Contudo, embora tradutores e comentadores estrangeiros tenham em muito enriquecido a leitura de Freud, a margem para uma recriação tradutiva ficou cada vez mais estreita devido à crescente conceptualização do campo. Muitos termos ficaram engessados em uma "terminologia técnica", semanticamente pobre. Essa tendência, até certo ponto, é o inevitável resultado do amadurecimento da psicanálise e da necessidade de adoção de certos padrões terminológicos. Por outro lado, Freud se serve constantemente daquilo que ele via como a sabedoria psicológica embutida nos idiomas, para apontar para nexos e origens, compartilhados entre fenômenos psíquicos aparentemente desconectados. Tirava partido da vivacidade de certas palavras, das conotações sutis e da facilidade de se construir palavras em alemão (por meio de composição), para descrever processos inconscientes fundamentais que estariam presentes na própria estruturação das línguas. Assim, dado o uso que Freud faz da linguagem, a conceitualização crescente da psicanálise cria para o tradutor um impasse insuperável entre dois gêneros de rigor conceitual, aquele apoiado na fixação dos termos em um código terminológico rígido e semanticamente mais pobre, ou o rigor conceitual apoiado na elucidação dos nexos semânticos e nos sinônimos que circunscrevem o conceito.
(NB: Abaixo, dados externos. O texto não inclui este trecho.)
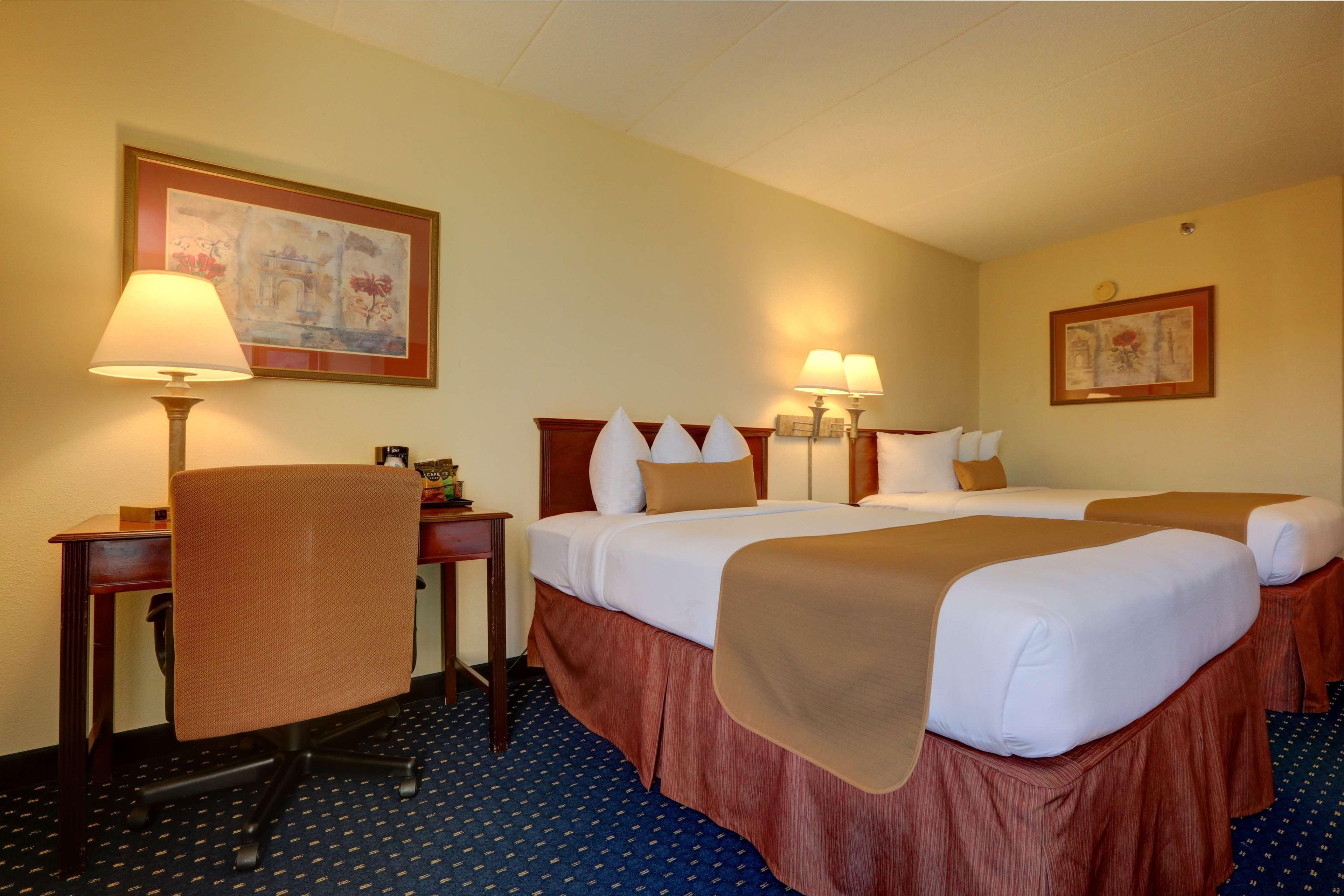 Surestay Plus Hotel By Best Western Chicago Ломбард Екстериор снимка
Por exemplo, a palavra befriedigung deve ser traduzida sempre como "satisfação", ou, conforme o contexto, ora como "apaziguamento", como "saciação" ou como "gozo" ? Nos casos em que optamos pela terminologização rígida, usamos notas sobre os aspectos semânticos não resgatados em português, nos casos em que deixamos o termo flutuar livremente, advertimos que se trata do mesmo termo alemão.
Assim, se, em algum grau, todo tradutor leva em conta a semântica contrastiva, em nosso trabalho sentimos a necessidade de sistematizar este instrumento. Esses e outros critérios que nortearam o trabalho serão detalhados na apresentação do primeiro volume. Ao final da apresentação, consta um pequeno trecho especialmente difícil de se traduzir retirado do artigo "O Recalque" (1915), cuja tradução é discutida passo a passo e comparada com outras traduções existentes.
Luiz Alberto Hanns
Luiz Alberto Hanns é doutor em psicologia clínica, psicanalista, autor do Dicionário comentado do alemão de Freud e de A teoria pulsional na clínica de Freud e editor da nova tradução das obras de Freud para o português. É professor do curso de pós graduação latu-sensu em psicanálise no Instituto de Psicologia da USP.